夢の言葉と約束の翼(下)【夢の言葉続編⑦】

私は負けたくなかったのだ。
この家の為に、アルバート様の為に1番お役に立てるのは自分で在りたいと思っていたの。


そんな、ライバルのような存在を嫌でも認めなくてはいけなくなったのは、誘拐されたアカリ様をあの男が無事救い出してくれた時。
しかも自分は怪我をしていたと言うのに黙っていて、翌日の早朝に私がお礼を言いに訪れた際気付かなかったら、きっとずっと黙っていたんだわ。
縫う程の怪我で微熱もあったのに「心配されるの苦手だから、誰にも言うなよ?」って口止めされたし。
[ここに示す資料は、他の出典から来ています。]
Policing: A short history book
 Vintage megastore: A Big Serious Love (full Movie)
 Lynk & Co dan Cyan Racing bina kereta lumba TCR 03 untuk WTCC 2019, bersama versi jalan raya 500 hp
何だか借りを作ってしまったようで悔しかったから、アカリ様から手作りクッキーを渡すように仕向けたら予想以上に嬉しそうだったっけ。
その、今までは違う男の反応に"嬉しそうな表情も出来るのね"って、ほんの少し変化を感じたのはこの時で……。

でも、そんなものは序の口で、その後に私の男への印象が大きく変わる出来事があった。
それはご自分のお父様の事を知りたいと望んだアカリ様を男が別荘から連れ出して、一週間程無断外泊をした後に戻ってきた時の事だ。